# Records provided:

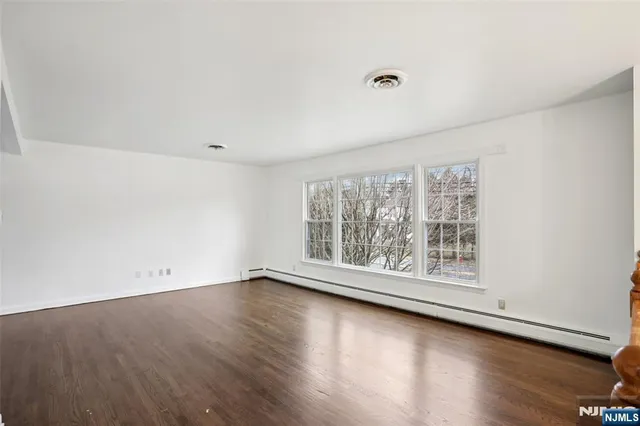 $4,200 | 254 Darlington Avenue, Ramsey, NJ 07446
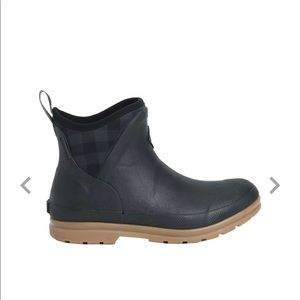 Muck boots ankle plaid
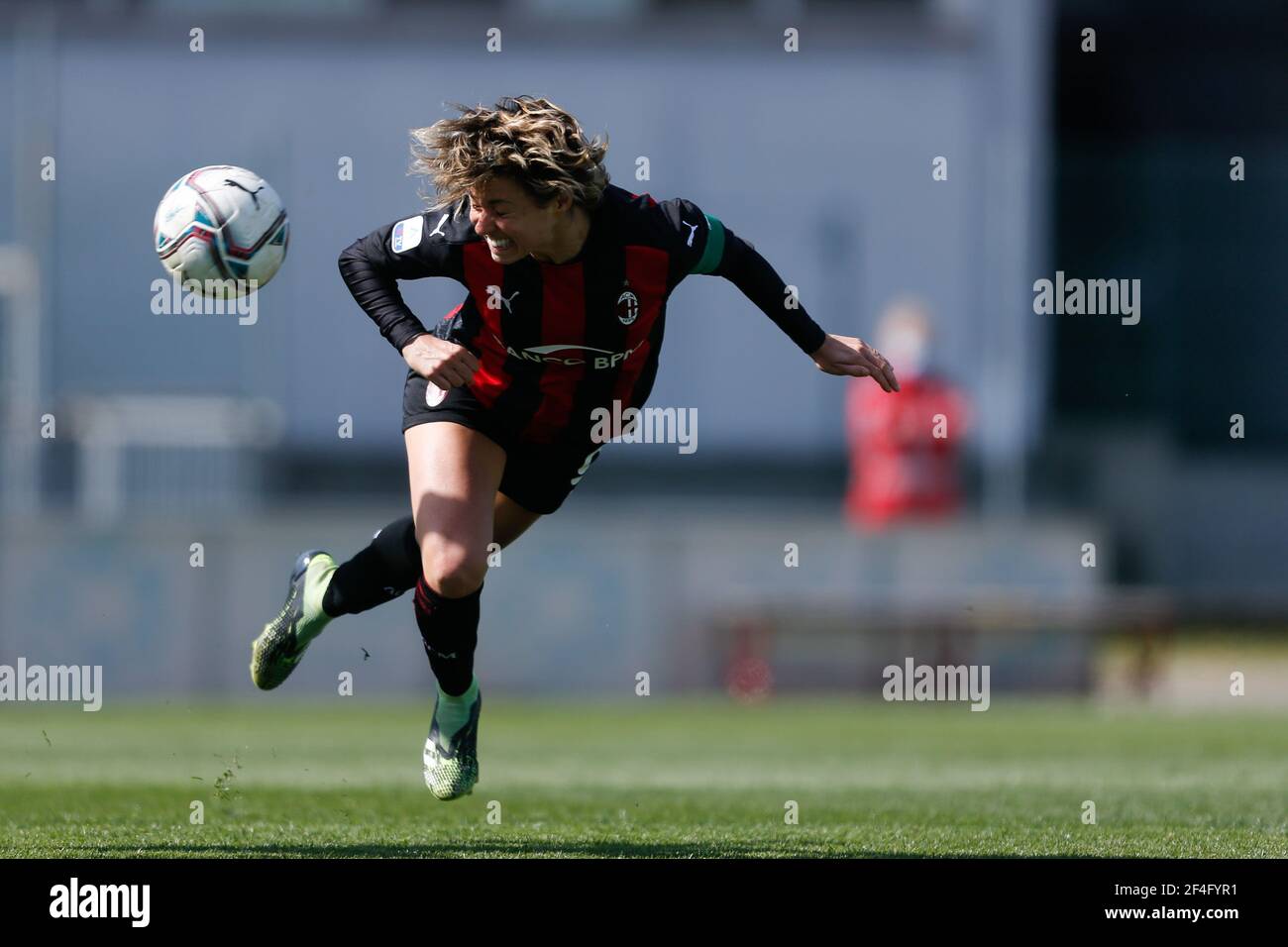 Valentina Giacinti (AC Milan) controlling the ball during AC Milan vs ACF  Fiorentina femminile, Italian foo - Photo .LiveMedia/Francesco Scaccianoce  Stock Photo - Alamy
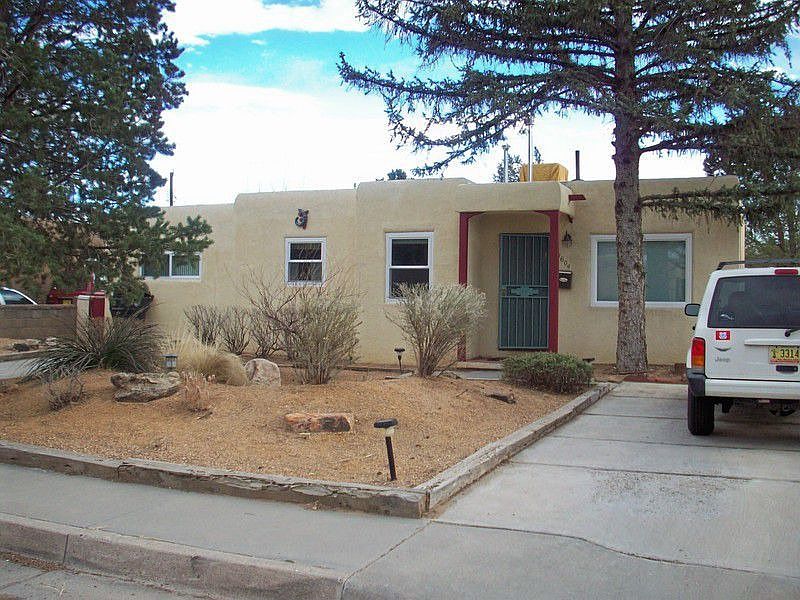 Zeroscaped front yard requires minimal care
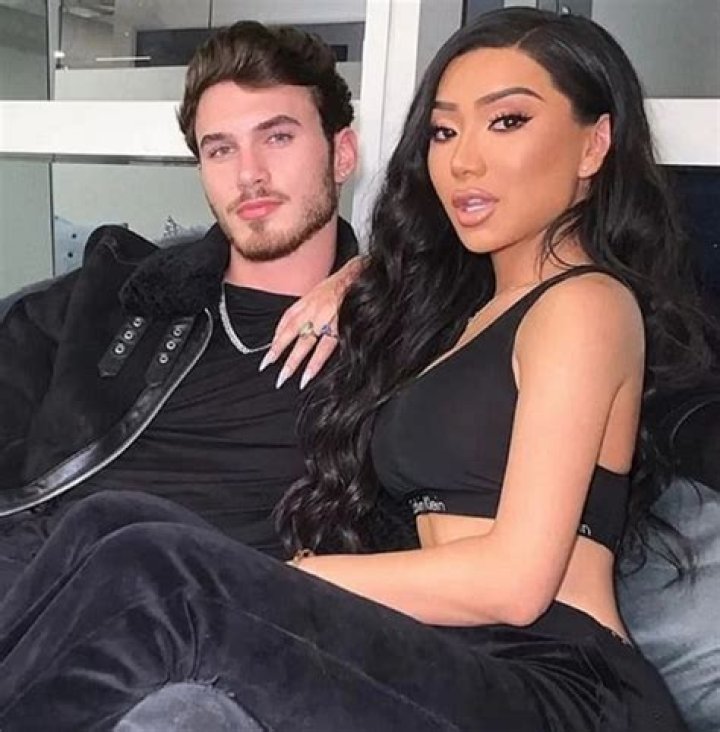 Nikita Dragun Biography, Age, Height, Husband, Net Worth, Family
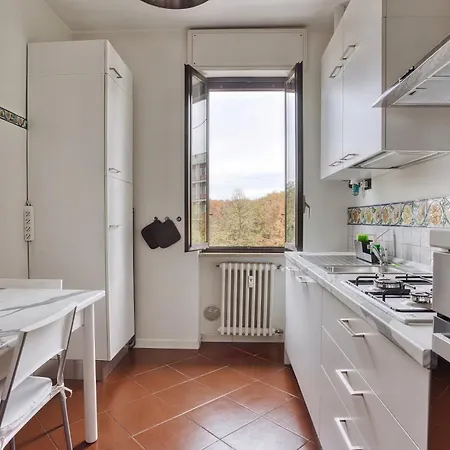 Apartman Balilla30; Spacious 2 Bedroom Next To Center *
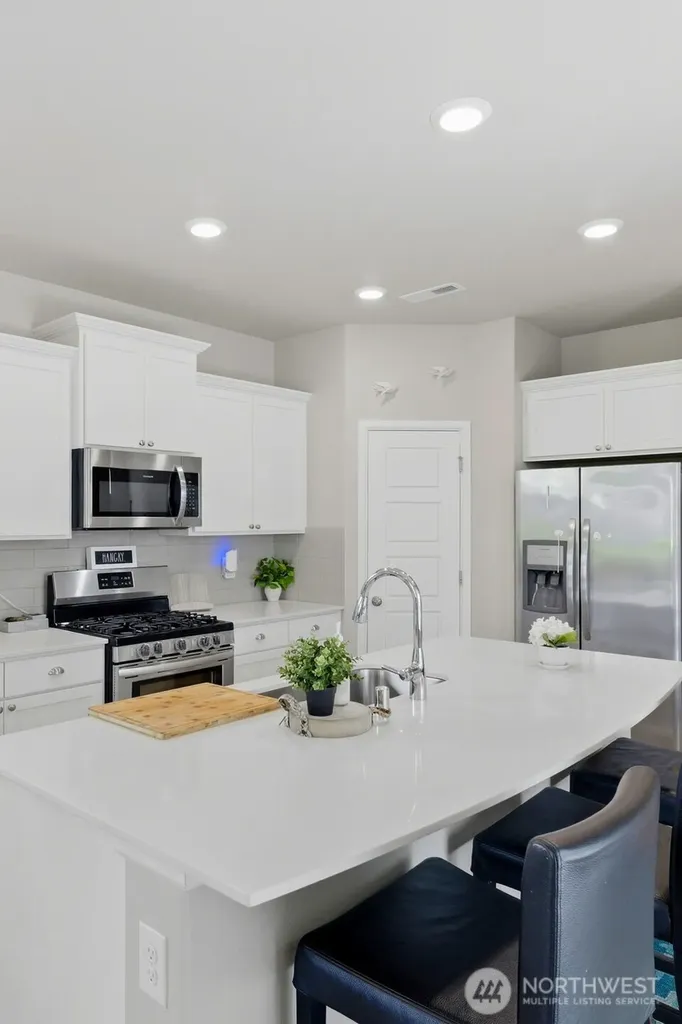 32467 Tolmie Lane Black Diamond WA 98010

# Instructions to follow:
Set down the records again exactly as they appear, leaving each picture behind.

# Exercise response:
 $4,200 | 254 Darlington Avenue, Ramsey, NJ 07446
 Muck boots ankle plaid
 Valentina Giacinti (AC Milan) controlling the ball during AC Milan vs ACF  Fiorentina femminile, Italian foo - Photo .LiveMedia/Francesco Scaccianoce  Stock Photo - Alamy
 Zeroscaped front yard requires minimal care
 Nikita Dragun Biography, Age, Height, Husband, Net Worth, Family
 Apartman Balilla30; Spacious 2 Bedroom Next To Center *
 32467 Tolmie Lane Black Diamond WA 98010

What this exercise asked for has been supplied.